2.9. Colony formation assay
Cell growth and survival ability was also determined by the plate-colony-formation assay. In brief, 200 transfected cells were plated in 6-well plates. Cells were cultured for 14 days at 37oC under humidified 5% CO2 atmosphere. Culture medium was changed at 3-day intervals. Afterward, cells were incubate in 4% paraformaldehyde for 30 min at room temperature. The colonies were stained with Giemsa for 15 min, then washed with ddH2O and air-dried. The number of colonies (>50 cells/colony) was counted.
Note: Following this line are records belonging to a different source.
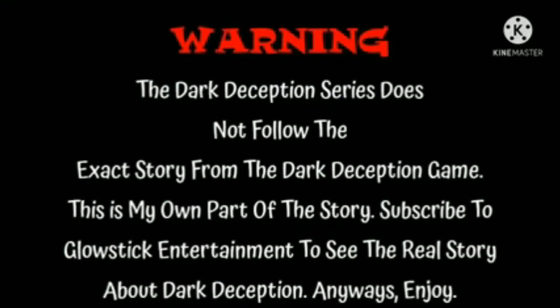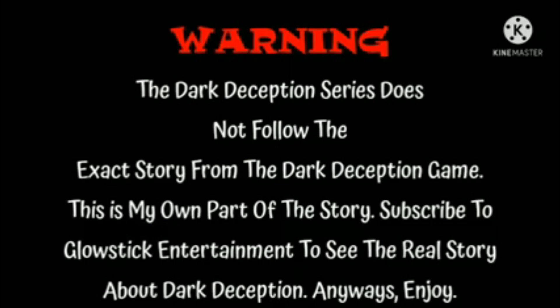The Dark Deception series does not follow the exact story from the Dark Deception game. This is my own part of the story. Subscribe to Glowstick Entertainment to see the real story about Dark Deception. Anyways, enjoy.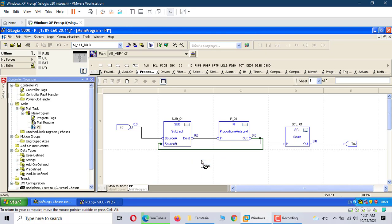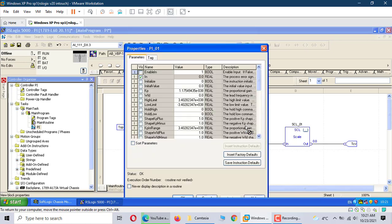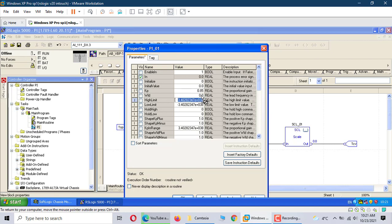This is called feedback. It's a closed loop. We show the configuration PI. It keeps the proportional gain. We choose 0.85.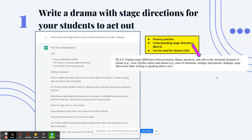Number 1: write a drama with stage directions for students to act out. For anyone in fourth grade watching, RL 4.5 really bothered me because it was an NJSLA standard about stage directions — specifically what they are and how they contribute to the drama. You can have ChatGPT write a drama with stage directions about anything. I wrote one about a student persevering through a challenge, and you can use it to teach that standard, for fluency practice, or even for drama club — writing different dramas for small groups of students.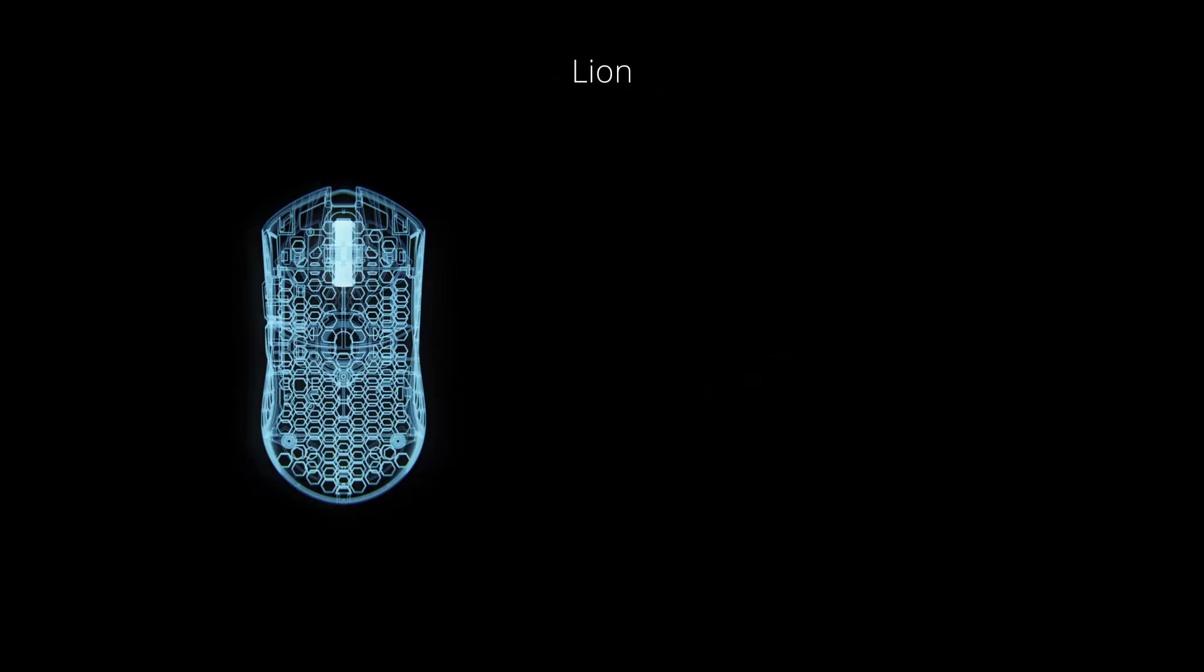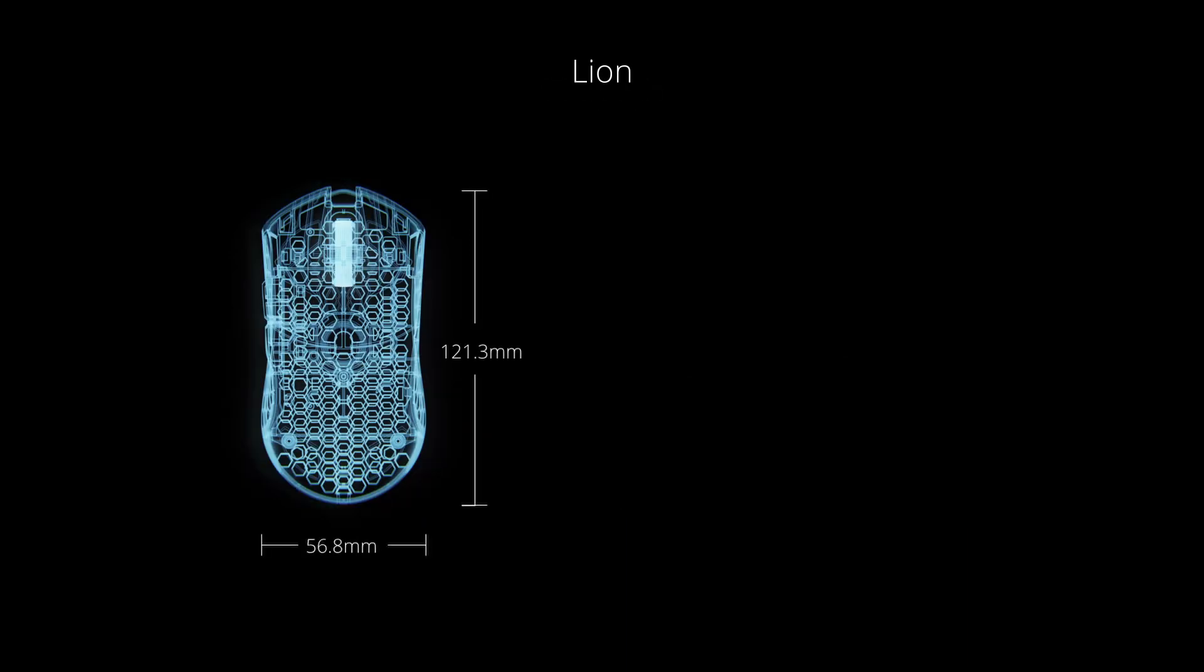At 121.3 millimeters long, 56.8 wide, and 37 millimeters tall, the ULX Lion is 5% larger than the Cheetah and shares dimensions with the medium Starlight.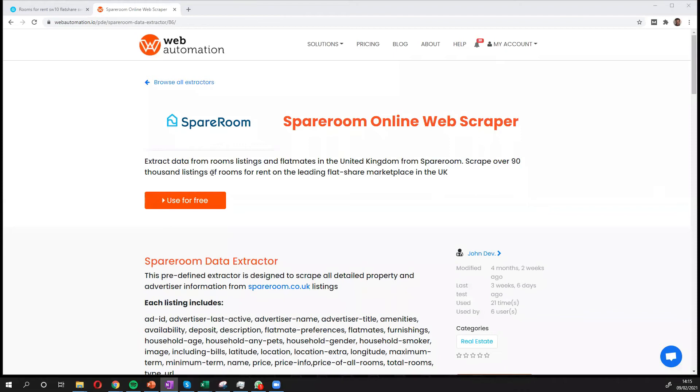Hi guys, this is Victor from Web Automation and in this video I'm going to show you how to scrape data from SpareRoom, which is one of the most popular sites in the UK for listing rooms and flatshare.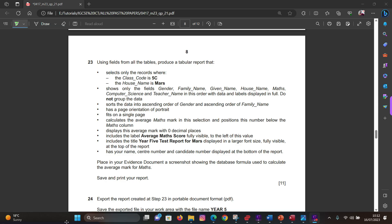Hi guys, welcome to this video. In this video I'm going to continue looking at the IGCSE ICT February March 2023 Paper 201. In the last video we looked at the section on databases, and now we finish off this database section with steps 23 and 24. We're going to create a report based on the criteria listed in the question.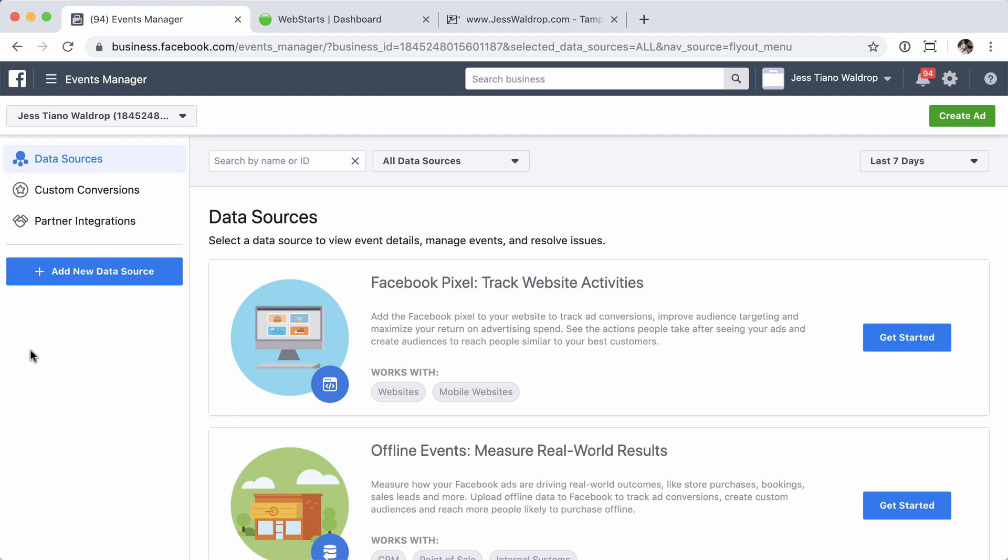The first thing we'll need to do is jump into your Facebook account and go to your Events Manager page. That's where I'm at now. And from here, there's going to be a number of different ways you can do it. Now, I've never created a Facebook Pixel for this Facebook account. So I'm starting from scratch. I'm going to create the data source. I'm going to create the Pixel, and we're going to go from there.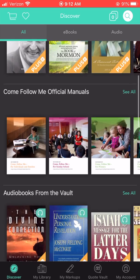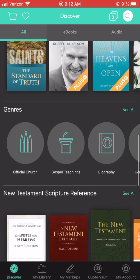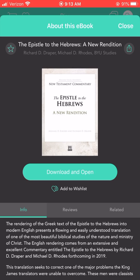As a Bookshelf member, you can download ebooks so that they are available to you offline. Simply click on the cover of any ebook to see if it's available to download. If it is, you will see an icon that invites you to download and open. Click on this icon.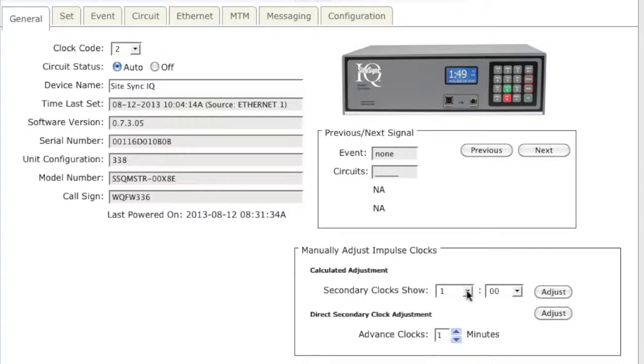If you want to use the calculated adjustment, you will have to put in the time of your secondary clocks and hit Adjust.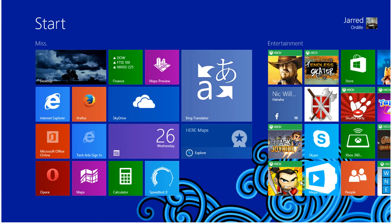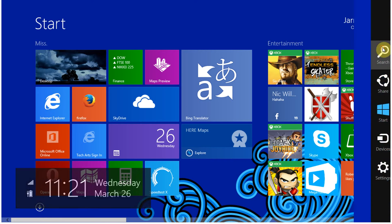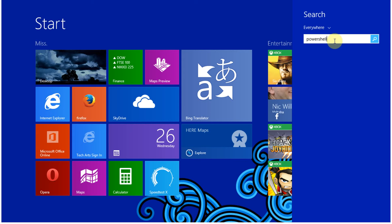Hello. In this video, I'm going to show you how to open PowerShell in Windows 8 and Windows 8.1. So for Windows 8, you want to go to Search, and then just type in PowerShell.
2.10. Flowcytometry Analysis
Cell cycle distribution was assessed by propidium iodide (PI) staining. Briefly, the transfectedcells were harvested by trypsinization, centrifuged at 250 g for 5 min, washed twice with ice-cold PBS, and fixed in 70% ethanol at 4oC or -20oC for at least 1 h. Cells were collected and resuspended in PBS containing 100μg/ml RNase A and 40μg/ml PI, and then incubated at 4oC for 30 min, in dark. Cells were analyzed by flow cytometry using a FACSCalibur flow cytometer (Becton-Dickinson, San Jose, CA). The percentage of the cells in sub-G1, G0/G1, S, and G2/M phases were analyzed using ModFit (Verity Software House, Maine, USA) software.
2.11. Migration assay
To explore the effect of SMC1A in the migration of prostate cancer cells, 24-well transwell chamber with 8.0μm pore polycarbonate filter inserts (Corning, cat no. #3422) was performed. In the upper chamber of each transwell, cells were suspended in serum-free F-12 containing 0.2% BSA. And F-12 supplemented with 10% FBS was added in each lower chamber. Then, the inserts were incubated at a 37°C, 5% CO2/95% air incubator for overnight and the cells that had not penetrated the filters were removed. The migrated cells attached to the bottom side were fixed in 4% paraformaldehyde for 10 min and stained in0.1% crystal violet for 30 min, rinsed in PBS and examined under a bright-field microscope.
2.12. Tumorigenesis assay
The influence of SMC1A silence on the tumor development of prostate tumor in vivo was examined. DU145, DU145-Lv-shCon or DU145 Lv-shSMC1A at 5 × 106 per mouse were injected subcutaneously into 4 weeks old Balb/c nude mice (n = 10 per group, Shanghai Laboratory Animal Center, Chinese Academy of Sciences, China). The development and growth of solid tumors were monitored by measuring tumor size using a vernier caliper in a blinded fashion every five days for a 27-days period. The tumor volume was calculated using a standard formula: tumor volume (mm3) = width (mm)2×length (mm)×0.5. At the end of the experiment, all mice were sacrificed and individual tumor weights were measured using a electronic balance. All the animal experiments were approved by the Animal Care Committee of the Second Military Medical University.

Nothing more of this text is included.